Moe Lane’s post explain the true complexities of West Virginia’s delegate election system. With few exceptions, though, the delegate election process is pretty straightforward. To people who’ve participated in the process, in fact, it’s pretty routine. Honestly, it doesn’t require years of study to figure it out.

What’s upsetting to me is the dishonesty Trump is using in portraying the system as being run by DC insiders and Wall Street fat cats. Recently, he’s hinted that that’s who runs the delegate selection process. It’s time to tell that filthy liar to either tell the truth or to shut up. He’s even had the audacity to ask people how that’s worked out for them.

The truth is that Donald Trump has been part of the problem for a very long time. During the first GOP presidential debate, Trump bragged that he’d bought politicians with campaign contributions so that they’d do whatever he told them to do:

In 2006, Donald Trump contributed to the DCCC and the DSCC. In 2010, thanks in part to Trump’s campaign contributions, Democrats that Trump supported passed universal health care. Prior to his becoming a candidate for the GOP presidential nomination, Trump enthusiastically supported universal health care.

To the people who got kicked off the policies that they were satisfied with but weren’t allowed to keep, how’s that working out? The next time you hear Donald Trump, think of how much better your life would be if he hadn’t contributed to Democrats.

Donald Trump isn’t part of the solution. He’s been part of the problem for 20+ years. For him to now put himself forward as the solution to Washington cronyism is beyond laughable. I can’t wait until after the California primary. If Trump hasn’t secured the nomination, expect the super PACs to hit Trump hard on this subject.

Further, Sen. Cruz’s campaign will hit Trump hard for his shifting views on abortion and transgender ‘rights’.

Finally, expect a bloodbath this November if Trump is the nominee.
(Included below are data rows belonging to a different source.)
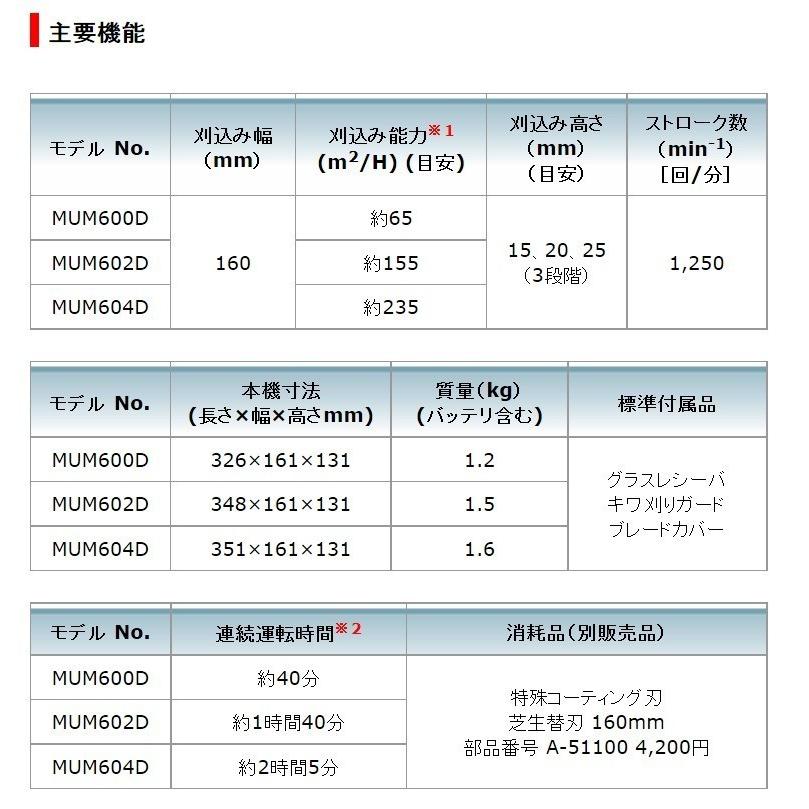 マキタ(makita) 充電式芝生バリカン MUM604DRF 刈込幅160mm 上下刃駆動式 18V 3.0Ah｜takahashihonsha｜02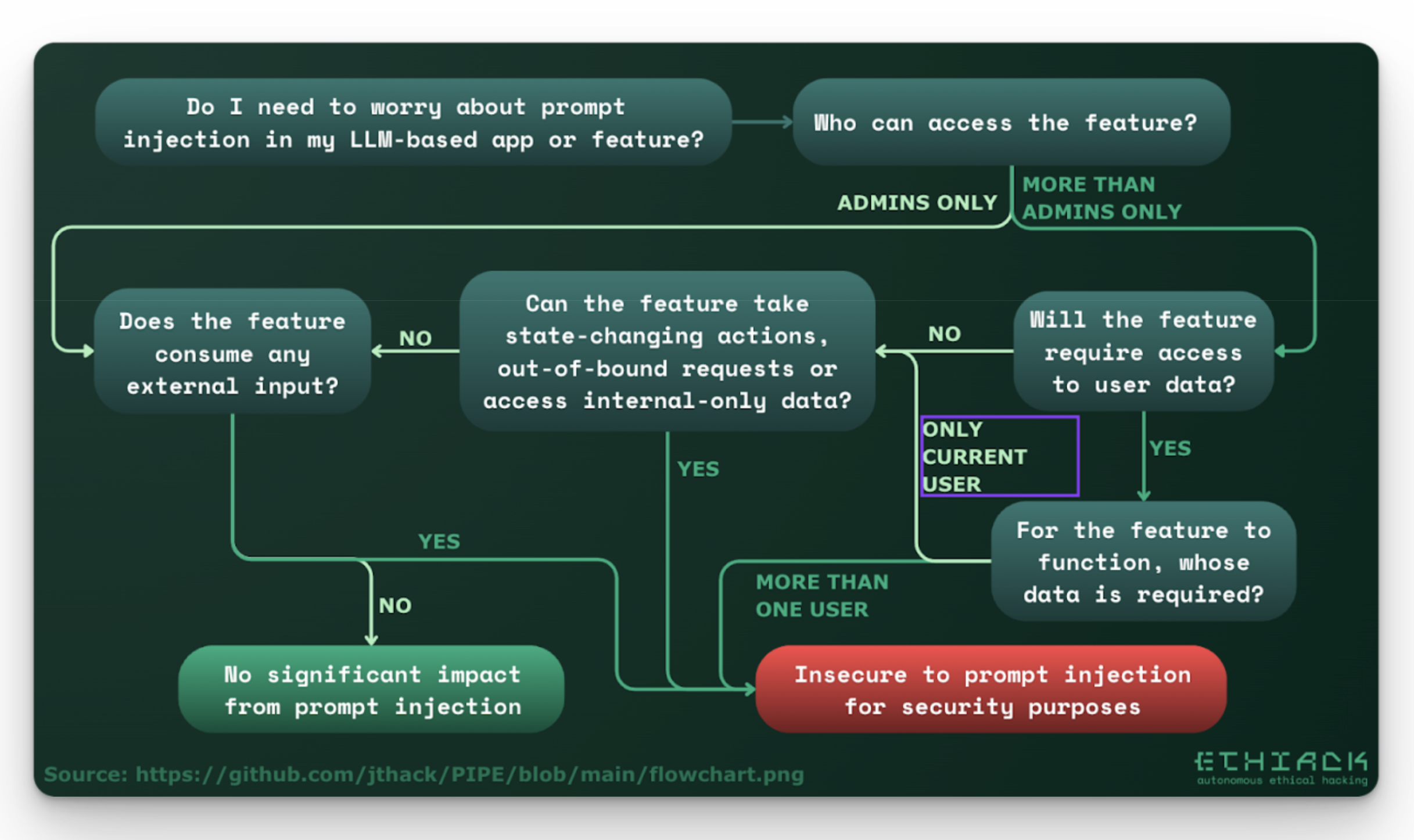 ethiack-ai-automation-chart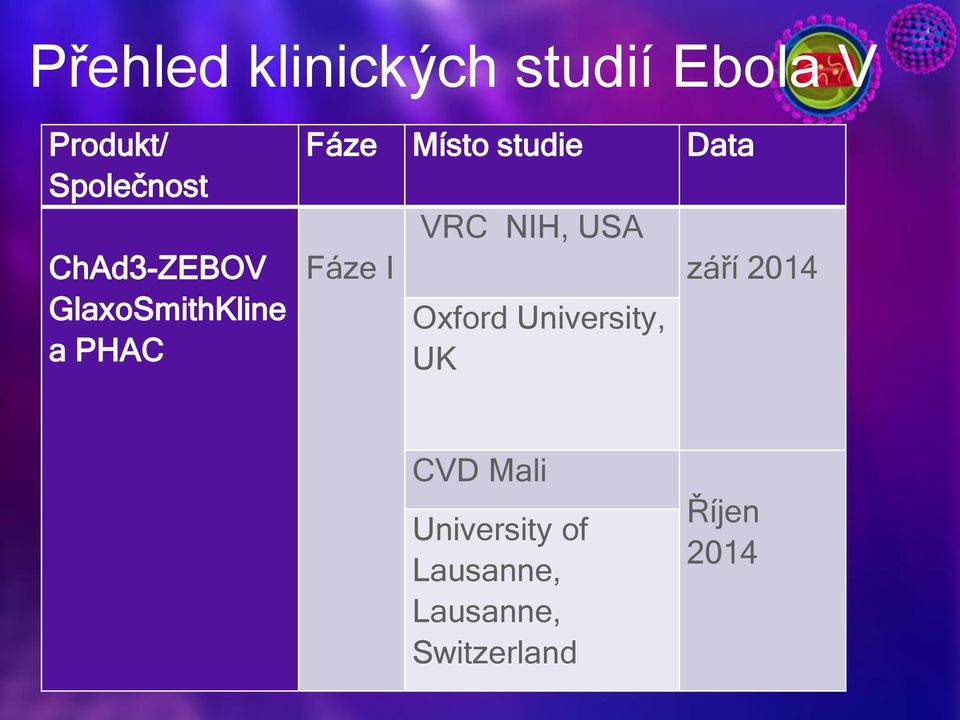Fáze I VRC NIH, USA Oxford University, UK září 2014 CVD
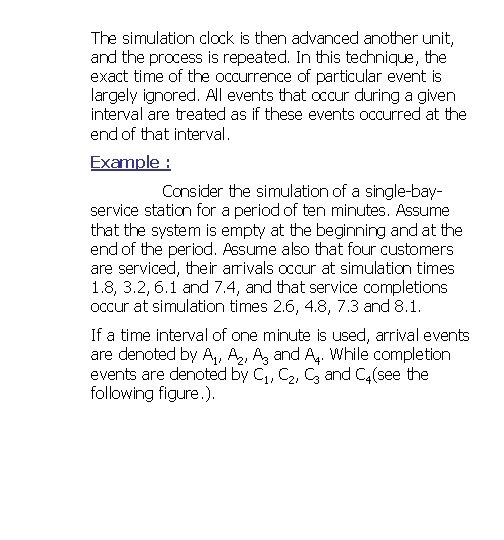 The simulation clock is then advanced another unit, and the process is repeated. In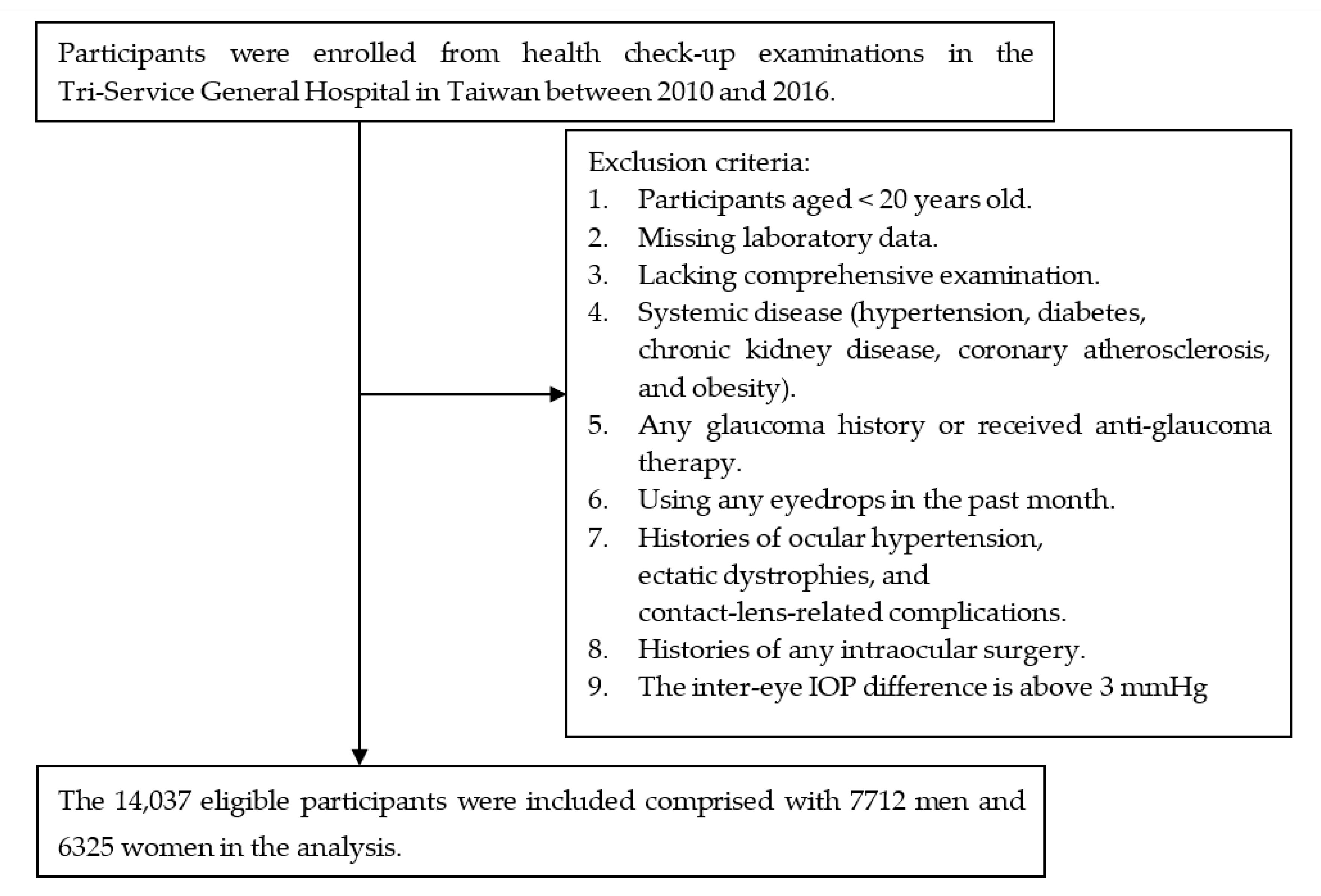 Jcm 10 01839 g001 Jcm 10 01839 g001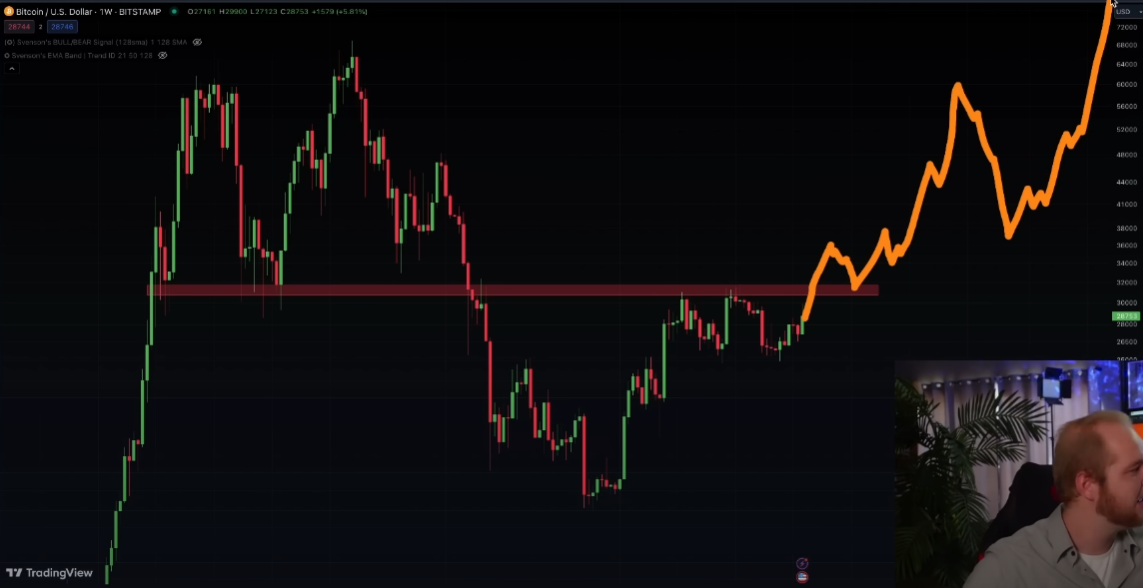 Ulaş Utku Bozdoğan: Büyük Atılım Geliyor: Bitcoin İçin Rota Oluşturuldu! 2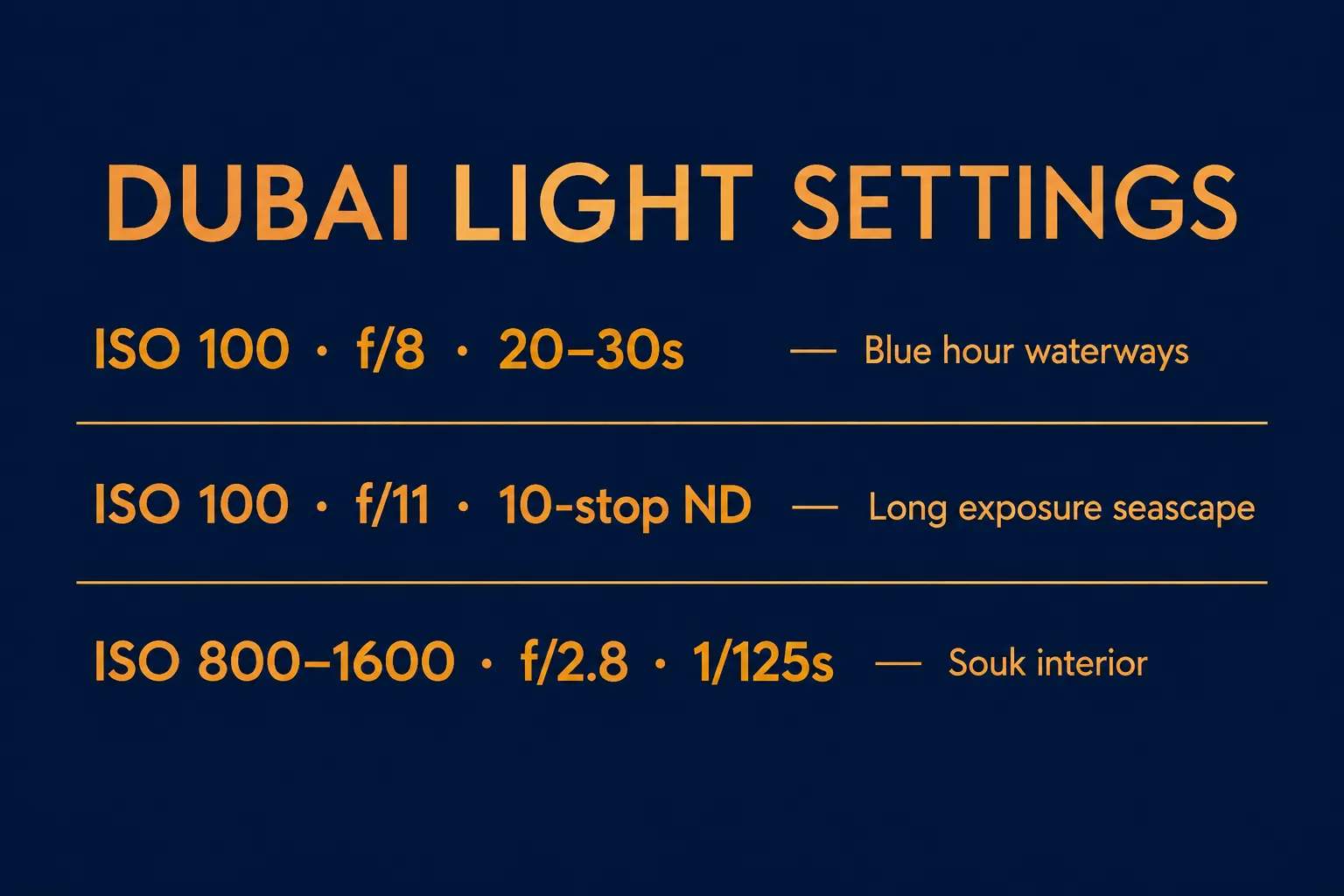 Recommended camera settings for shooting in Dubai's coastal light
The #NeverTrump movement might not be as potent as the TEA Party was in 2009-10 but it’s still awfully potent. Voting for a northeast liberal who contributed to Democrats isn’t something that principled conservatives will do.

4 Responses to “Delegate selection complexities?”

  • eric z says:

    Donald Trump is the only hope you guys have of winning.

    Beyond that, you presume CNN would have a stupidity index sufficient to see them hiring Megyn Kelly. I’d believe that only if I saw it. Her best chance of a move would be Washington Times.

    FOX; on that you get agreement. The FOX approach is simplistic and attuned to the worse in dumb people. I just noticed it a bit earlier than you, Gary.

  • eric z says:

    Deep apology to Gary and readers. I intended the above remark to be a comment to the April 22 post, ” Fox News, Trump’s super PAC.” I just made a dumb mistake. Watching too much FOX I suppose; actually not so – just simple plain awful error. Sorry about that.

  • JerryE9 says:

    Still believe the Powerline cartoon says it best. “Colorado 1912: Colorado adopts the caucus system to screw Trump out of delegates.”

  • eric z says:

    Complexities?

    What complexities?

    The situation’s been simplified via Indiana voting, early May.